Scraped caption text data:
+ + + + + + +
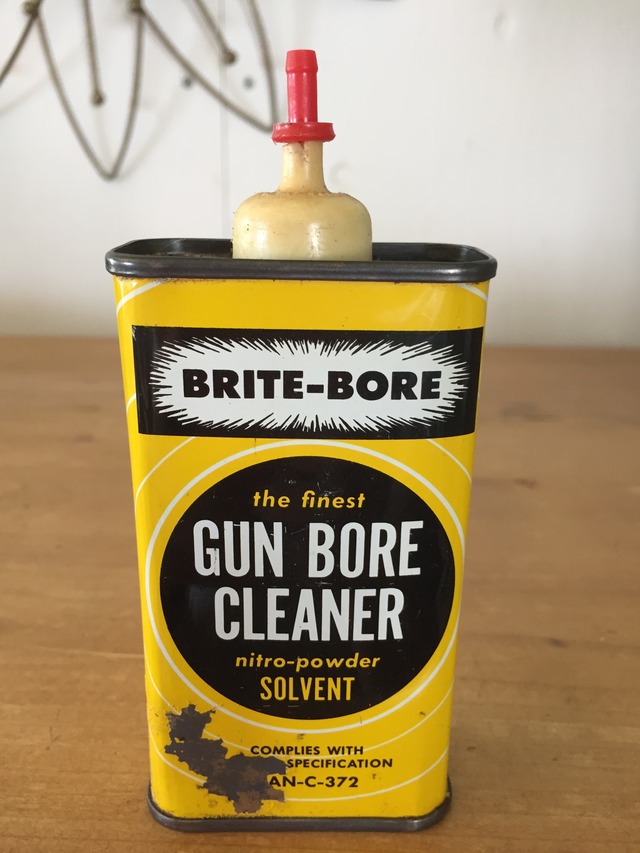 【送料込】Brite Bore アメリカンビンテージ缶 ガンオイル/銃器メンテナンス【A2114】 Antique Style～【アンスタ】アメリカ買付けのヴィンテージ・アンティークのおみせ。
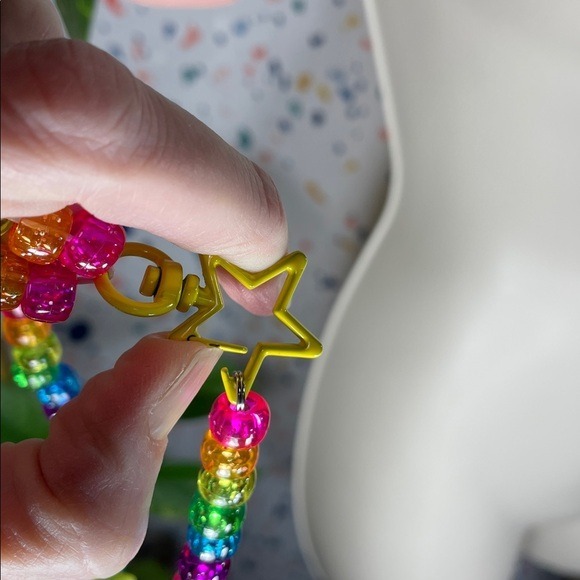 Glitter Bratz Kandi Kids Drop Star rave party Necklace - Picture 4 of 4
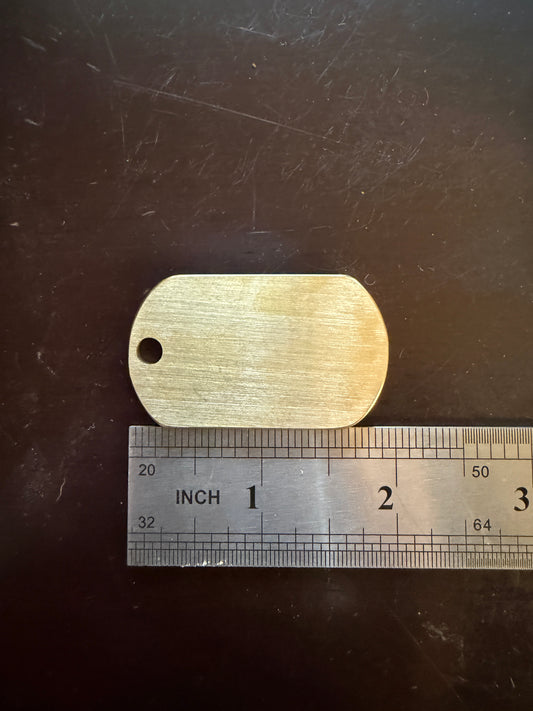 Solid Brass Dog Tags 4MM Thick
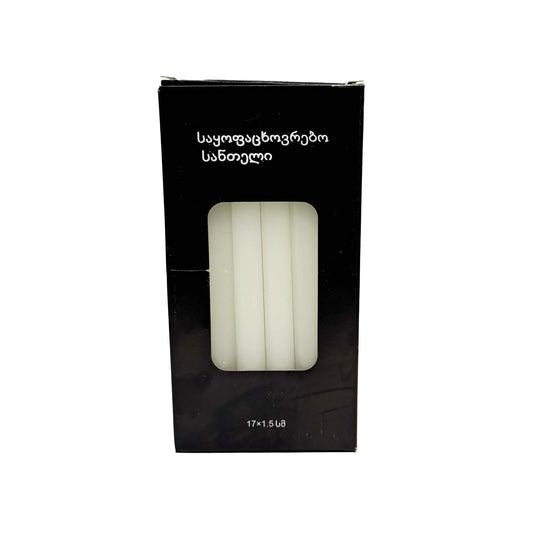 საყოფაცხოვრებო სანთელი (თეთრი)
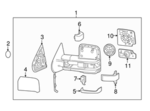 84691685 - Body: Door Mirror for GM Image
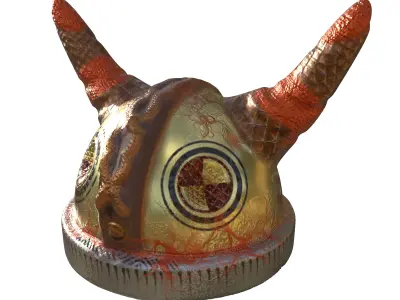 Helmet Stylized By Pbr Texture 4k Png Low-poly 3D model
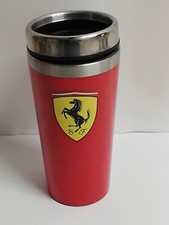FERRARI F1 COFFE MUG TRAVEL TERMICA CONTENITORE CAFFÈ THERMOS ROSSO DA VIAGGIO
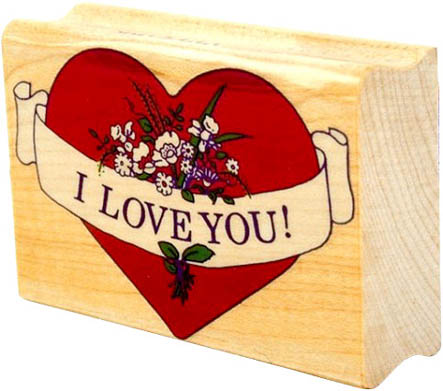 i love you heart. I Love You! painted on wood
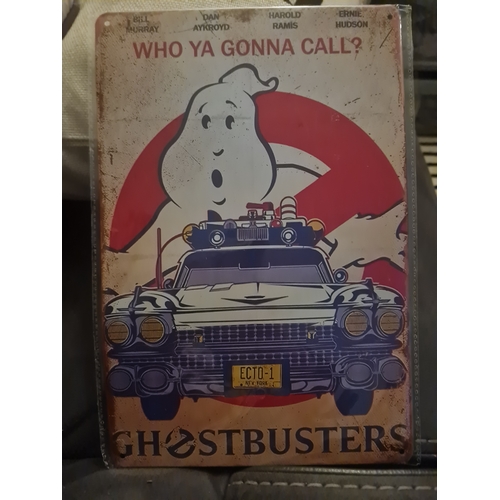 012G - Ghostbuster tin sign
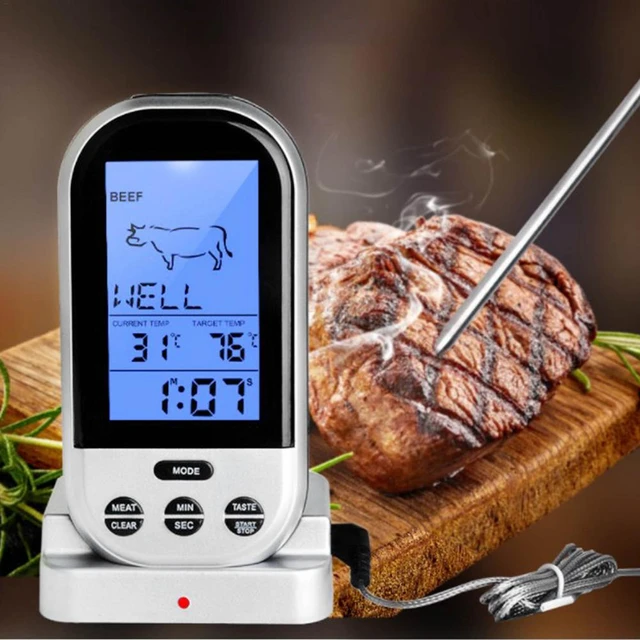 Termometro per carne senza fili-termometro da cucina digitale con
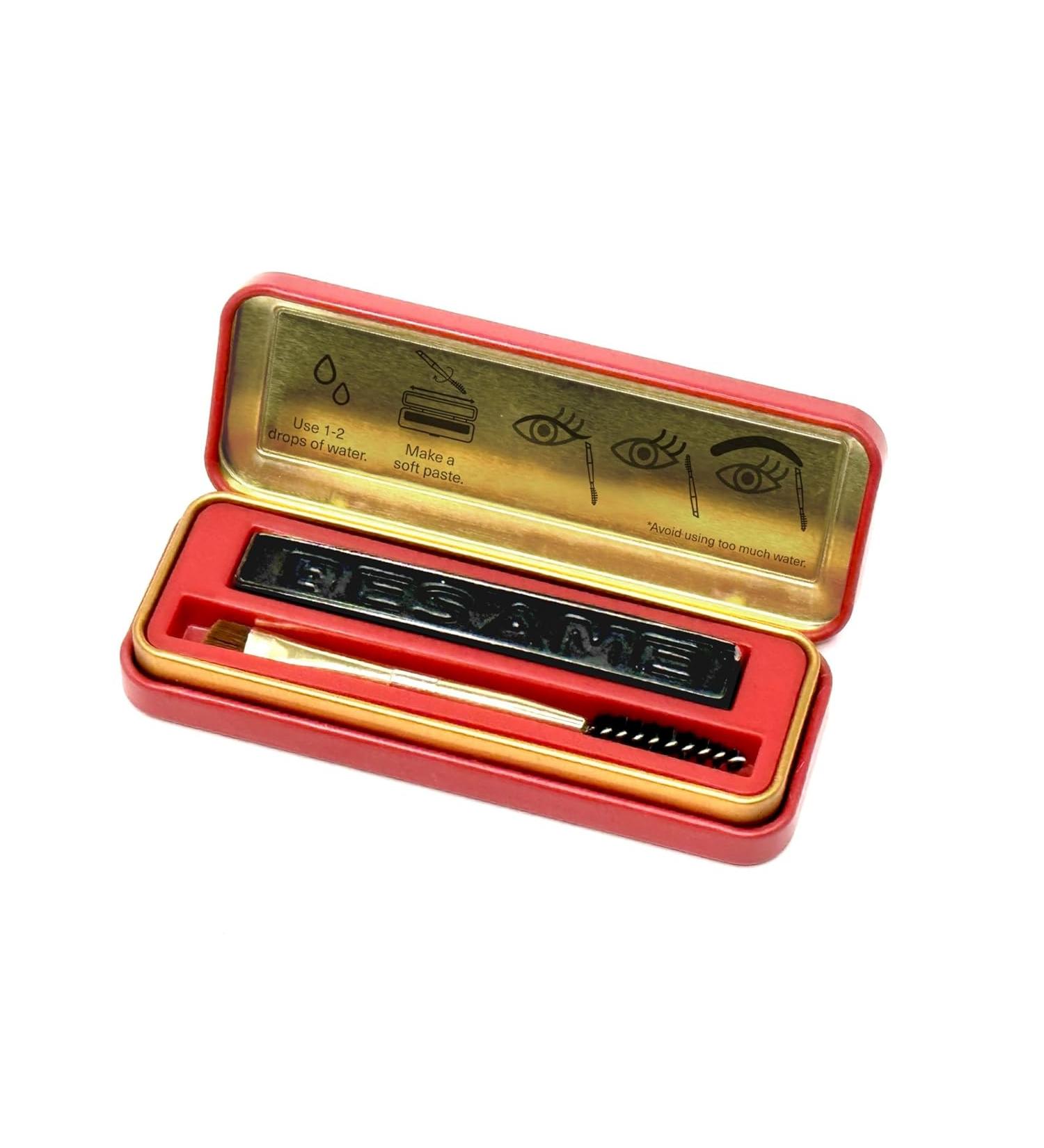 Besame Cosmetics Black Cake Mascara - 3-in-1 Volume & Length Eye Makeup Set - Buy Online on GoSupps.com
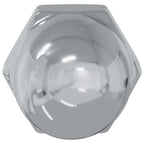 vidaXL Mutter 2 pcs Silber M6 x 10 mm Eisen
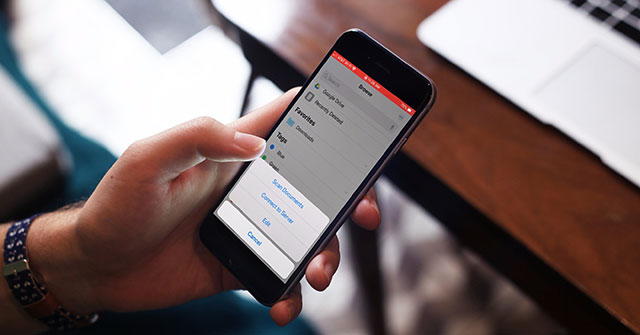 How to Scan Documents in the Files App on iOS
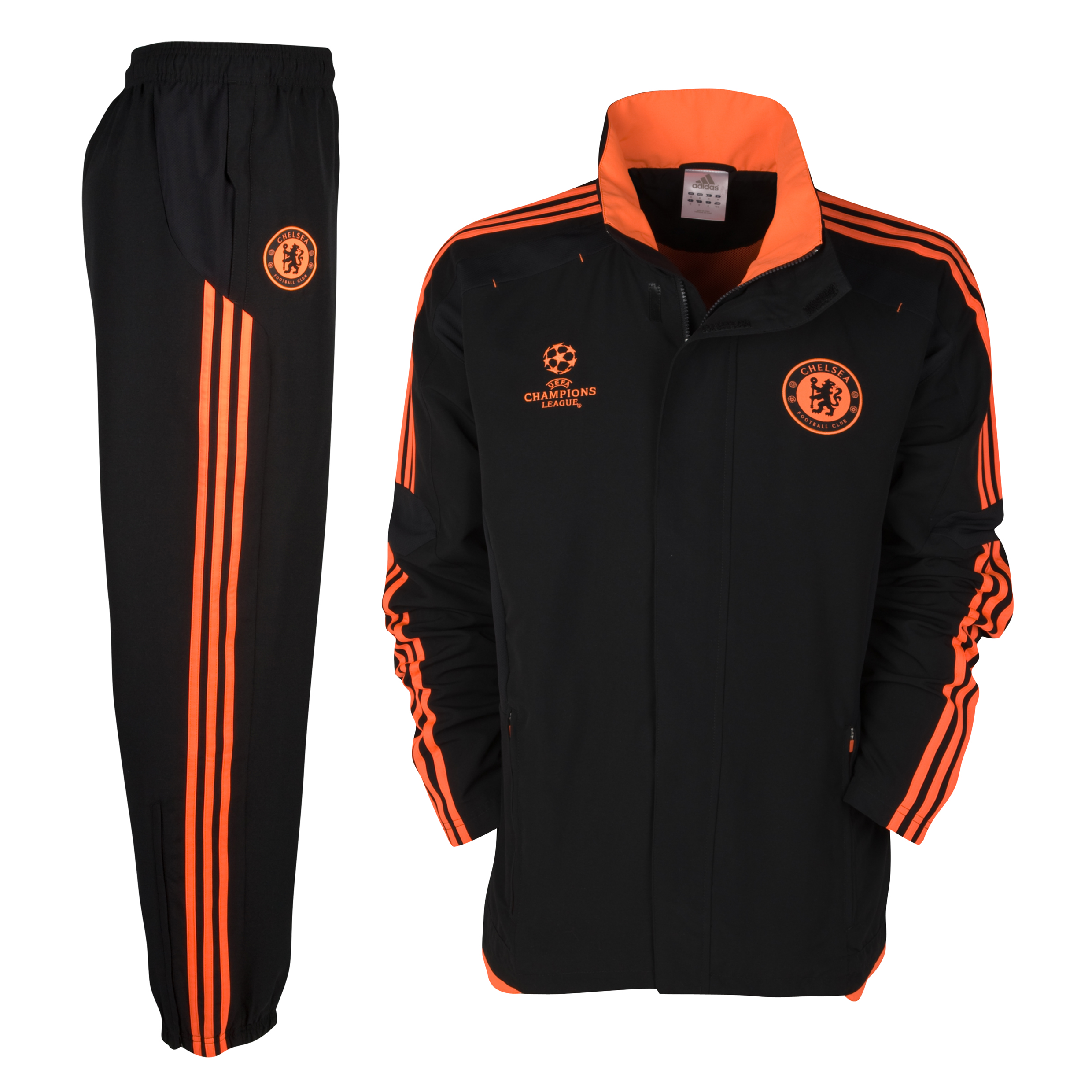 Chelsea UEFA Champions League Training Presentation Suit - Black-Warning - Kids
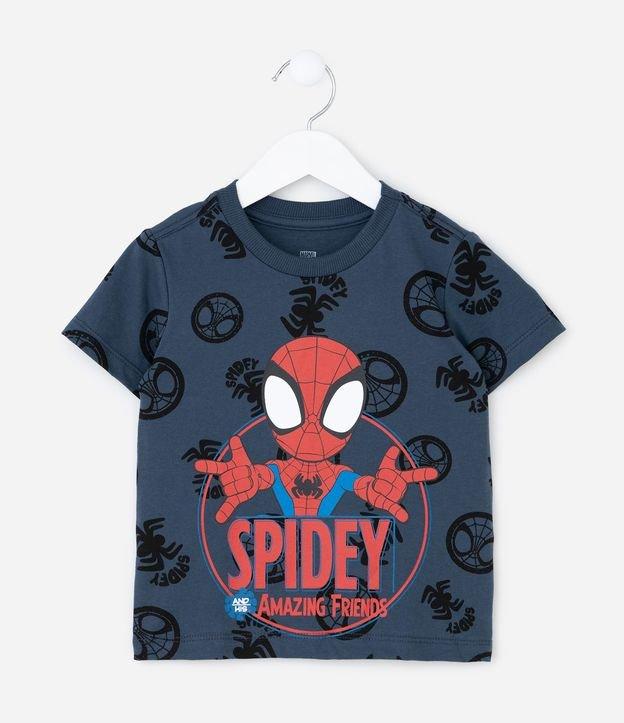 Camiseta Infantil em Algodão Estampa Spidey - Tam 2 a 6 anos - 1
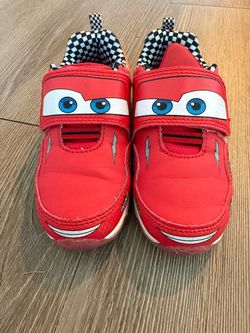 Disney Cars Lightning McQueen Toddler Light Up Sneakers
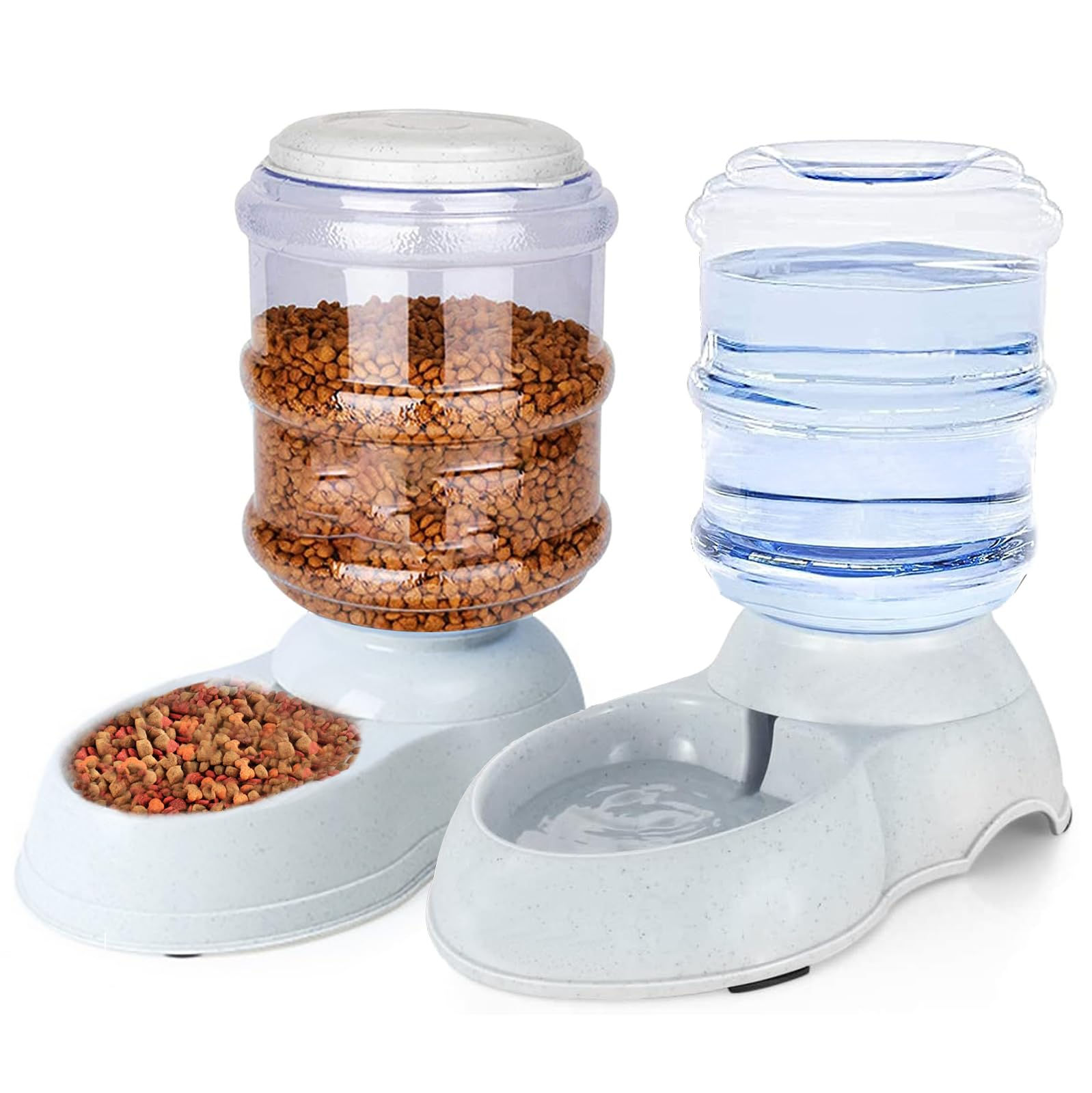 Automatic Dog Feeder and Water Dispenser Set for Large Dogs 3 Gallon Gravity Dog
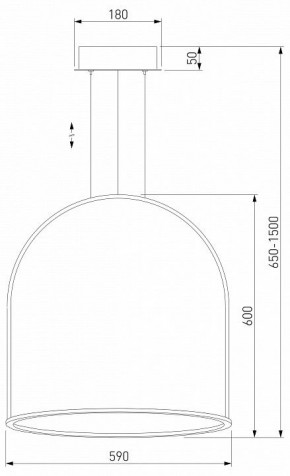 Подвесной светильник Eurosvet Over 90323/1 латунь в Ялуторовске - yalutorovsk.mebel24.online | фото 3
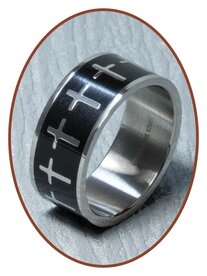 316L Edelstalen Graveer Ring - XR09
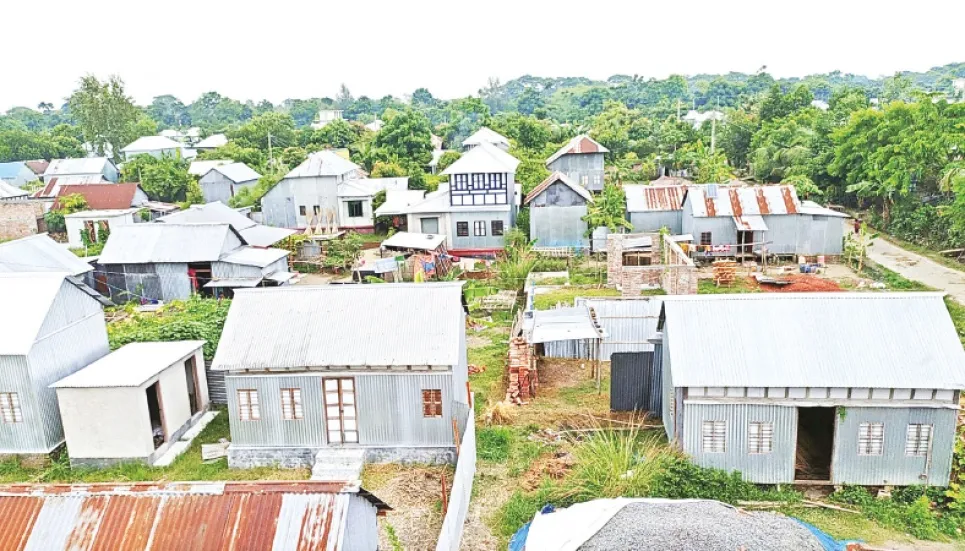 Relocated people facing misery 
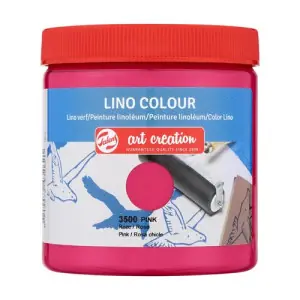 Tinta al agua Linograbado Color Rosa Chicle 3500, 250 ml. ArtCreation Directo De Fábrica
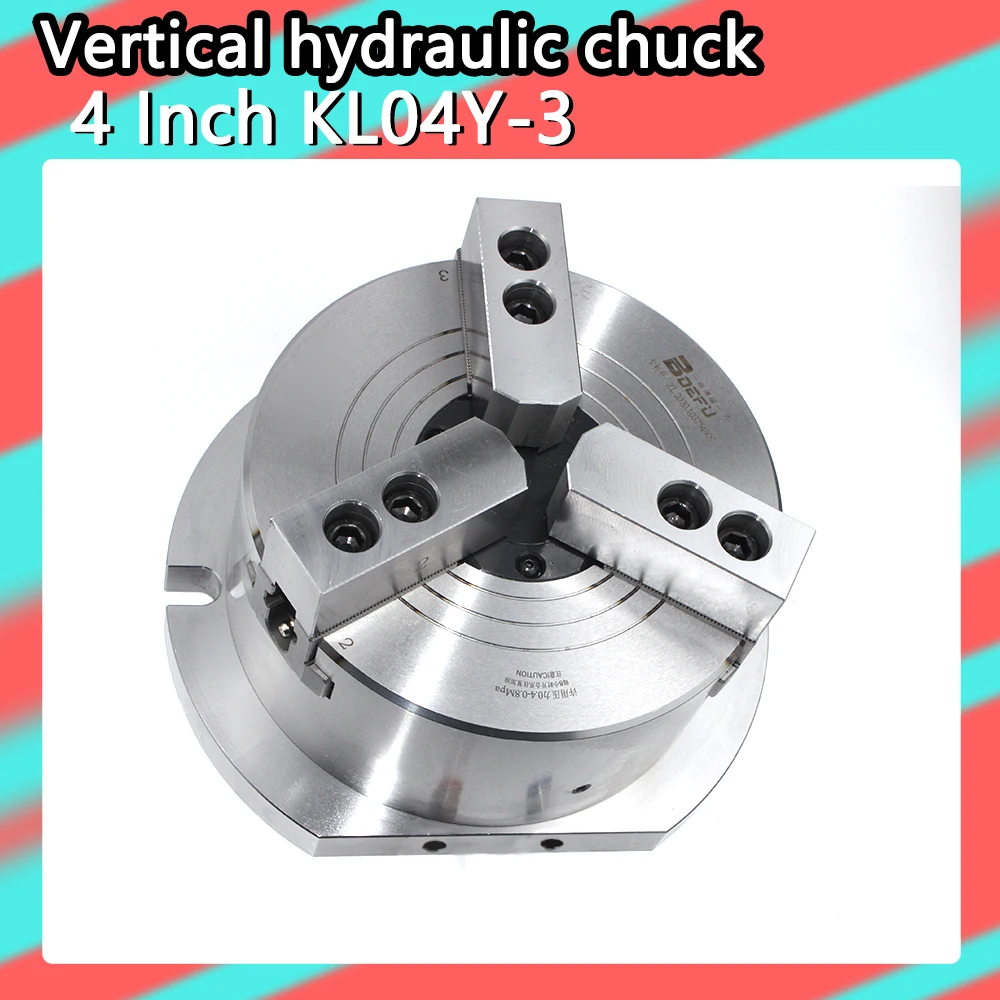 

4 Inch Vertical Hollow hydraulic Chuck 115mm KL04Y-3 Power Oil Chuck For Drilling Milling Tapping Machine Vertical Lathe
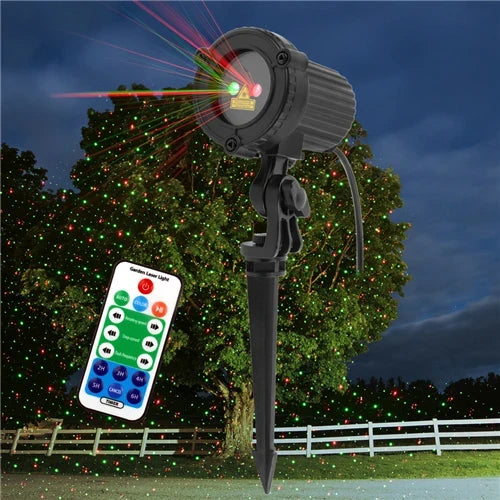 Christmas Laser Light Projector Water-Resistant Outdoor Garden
+ + + + + + +
__Exercise directions__
Without including the pictures, return each record above exactly as it stands.

__Written response__
 【送料込】Brite Bore アメリカンビンテージ缶 ガンオイル/銃器メンテナンス【A2114】 Antique Style～【アンスタ】アメリカ買付けのヴィンテージ・アンティークのおみせ。
 Glitter Bratz Kandi Kids Drop Star rave party Necklace - Picture 4 of 4
 Solid Brass Dog Tags 4MM Thick
 საყოფაცხოვრებო სანთელი (თეთრი)
 84691685 - Body: Door Mirror for GM Image
 Helmet Stylized By Pbr Texture 4k Png Low-poly 3D model
FERRARI F1 COFFE MUG TRAVEL TERMICA CONTENITORE CAFFÈ THERMOS ROSSO DA VIAGGIO
 i love you heart. I Love You! painted on wood
 012G - Ghostbuster tin sign
 Termometro per carne senza fili-termometro da cucina digitale con
 Besame Cosmetics Black Cake Mascara - 3-in-1 Volume & Length Eye Makeup Set - Buy Online on GoSupps.com
 vidaXL Mutter 2 pcs Silber M6 x 10 mm Eisen
 How to Scan Documents in the Files App on iOS
 Chelsea UEFA Champions League Training Presentation Suit - Black-Warning - Kids
 Camiseta Infantil em Algodão Estampa Spidey - Tam 2 a 6 anos - 1
 Disney Cars Lightning McQueen Toddler Light Up Sneakers
 Automatic Dog Feeder and Water Dispenser Set for Large Dogs 3 Gallon Gravity Dog
 Подвесной светильник Eurosvet Over 90323/1 латунь в Ялуторовске - yalutorovsk.mebel24.online | фото 3
 316L Edelstalen Graveer Ring - XR09
 Relocated people facing misery 
 Tinta al agua Linograbado Color Rosa Chicle 3500, 250 ml. ArtCreation Directo De Fábrica

4 Inch Vertical Hollow hydraulic Chuck 115mm KL04Y-3 Power Oil Chuck For Drilling Milling Tapping Machine Vertical Lathe
 Christmas Laser Light Projector Water-Resistant Outdoor Garden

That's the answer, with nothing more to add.